▶ [Task item]
Reproduce word for word the lines from the beginning of the entries to the line with "w/ONE-KEY™ Image 4", both included, but none of the pictures.

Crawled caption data
========================================

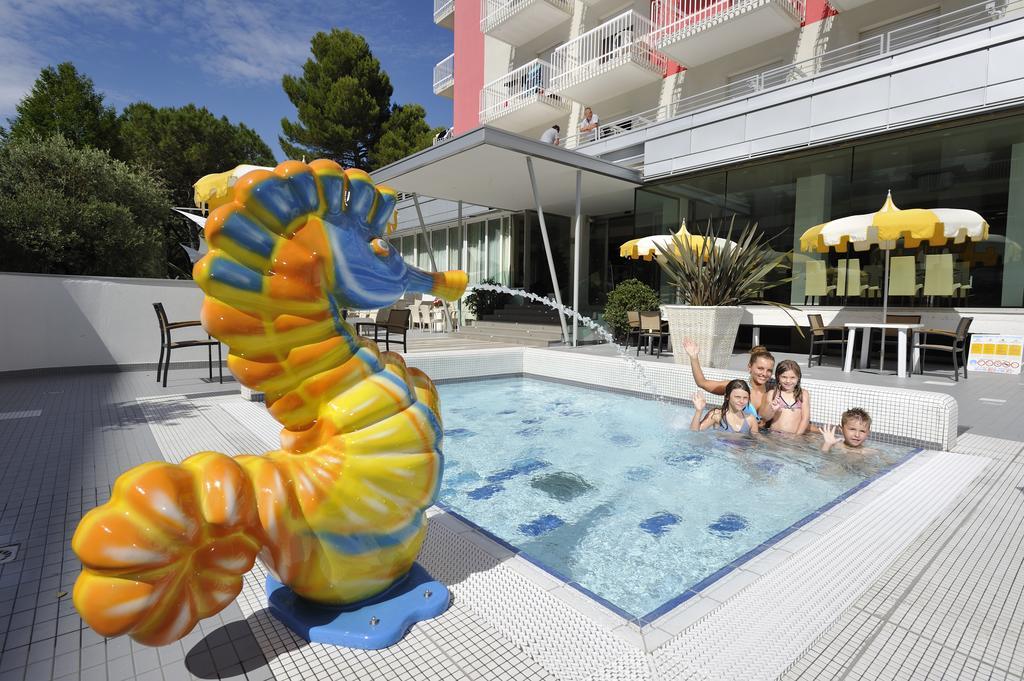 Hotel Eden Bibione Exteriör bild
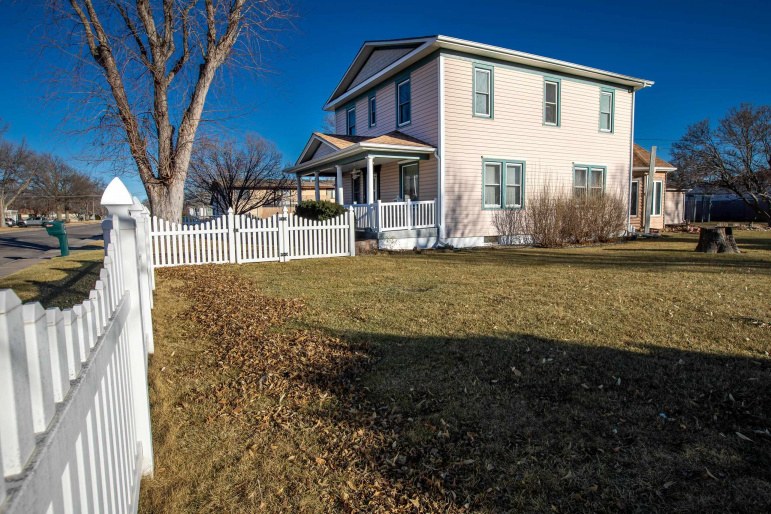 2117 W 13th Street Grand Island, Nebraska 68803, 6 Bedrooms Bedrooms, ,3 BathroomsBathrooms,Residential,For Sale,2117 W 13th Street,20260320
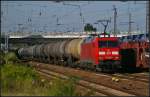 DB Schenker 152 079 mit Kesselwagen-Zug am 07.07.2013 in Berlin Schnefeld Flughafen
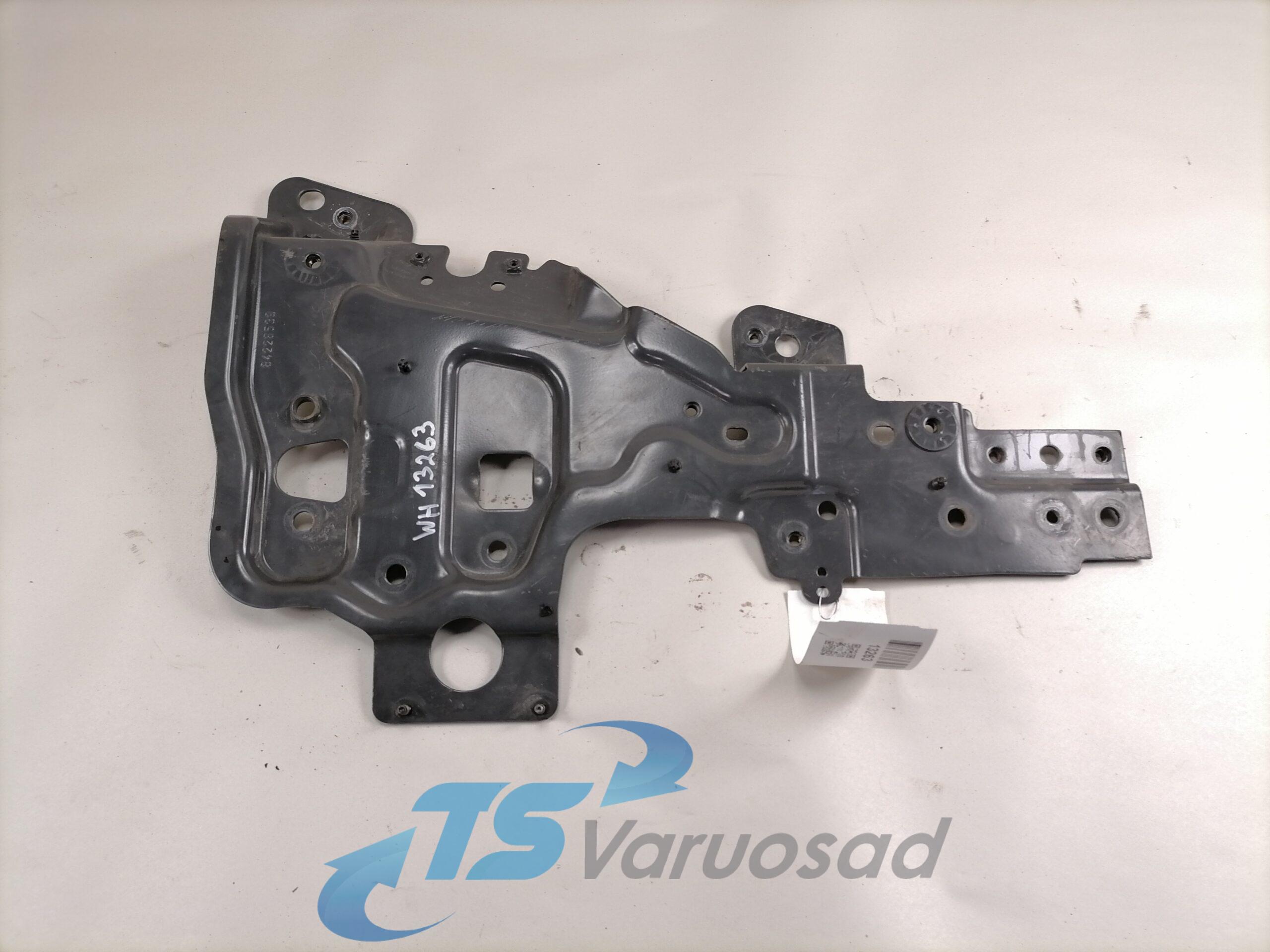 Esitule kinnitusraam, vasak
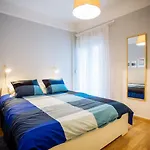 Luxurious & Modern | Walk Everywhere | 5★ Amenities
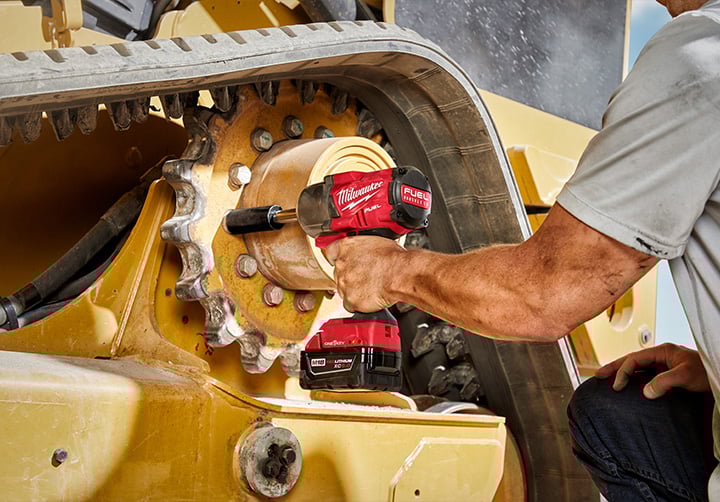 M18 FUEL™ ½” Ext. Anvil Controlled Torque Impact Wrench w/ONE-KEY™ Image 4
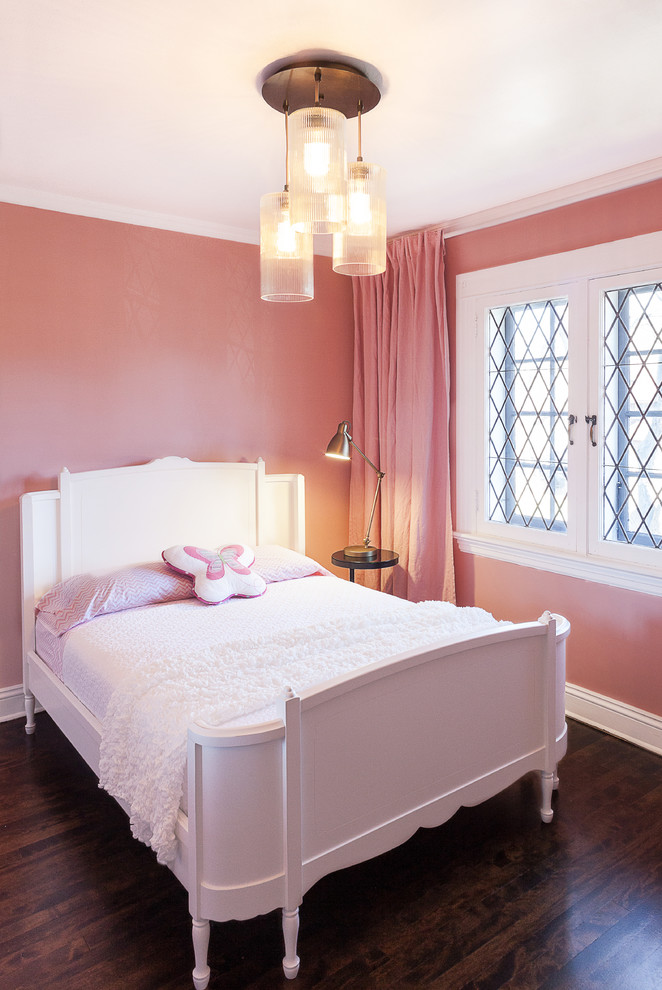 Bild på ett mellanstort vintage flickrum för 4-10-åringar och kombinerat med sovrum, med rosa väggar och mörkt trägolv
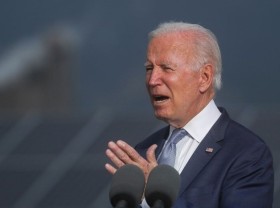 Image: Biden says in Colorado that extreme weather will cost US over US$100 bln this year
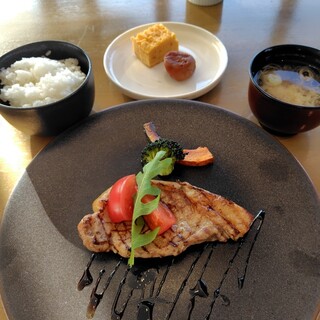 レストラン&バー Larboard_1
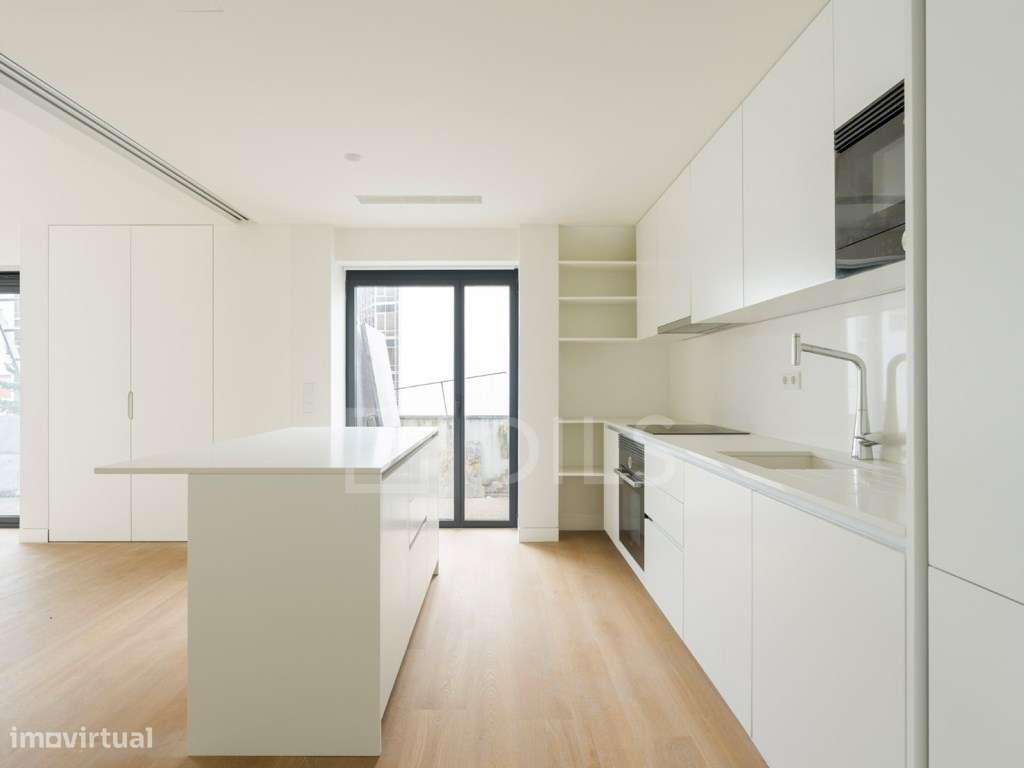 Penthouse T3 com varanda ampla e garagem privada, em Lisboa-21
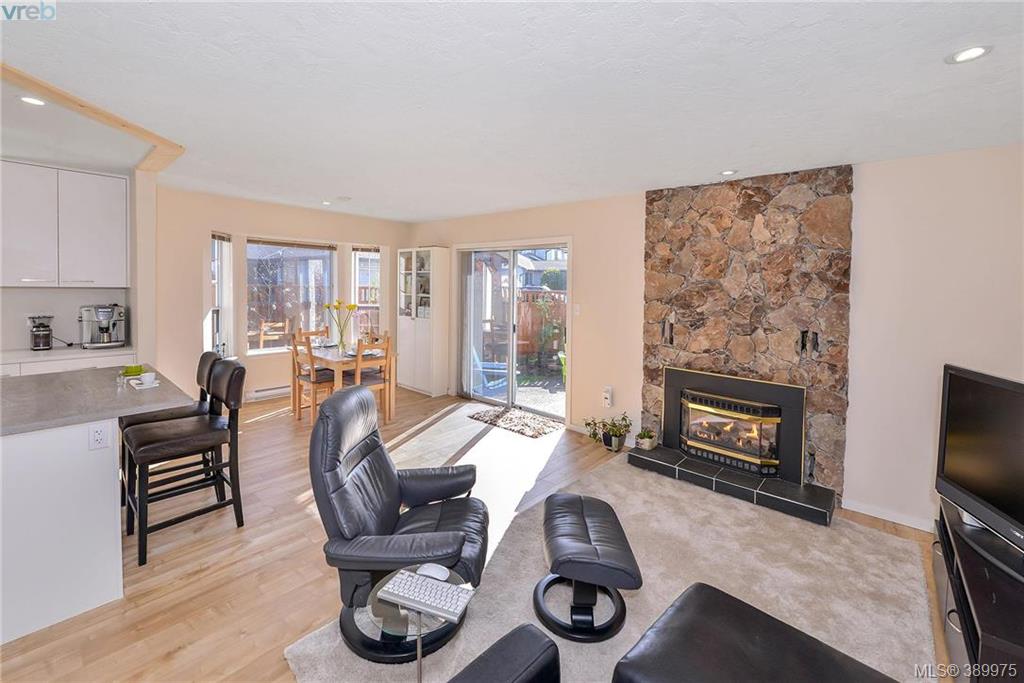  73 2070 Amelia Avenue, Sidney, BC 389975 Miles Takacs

========================================

▶ [Response for this exercise]
 Hotel Eden Bibione Exteriör bild
 2117 W 13th Street Grand Island, Nebraska 68803, 6 Bedrooms Bedrooms, ,3 BathroomsBathrooms,Residential,For Sale,2117 W 13th Street,20260320
 DB Schenker 152 079 mit Kesselwagen-Zug am 07.07.2013 in Berlin Schnefeld Flughafen
 Esitule kinnitusraam, vasak
 Luxurious & Modern | Walk Everywhere | 5★ Amenities
 M18 FUEL™ ½” Ext. Anvil Controlled Torque Impact Wrench w/ONE-KEY™ Image 4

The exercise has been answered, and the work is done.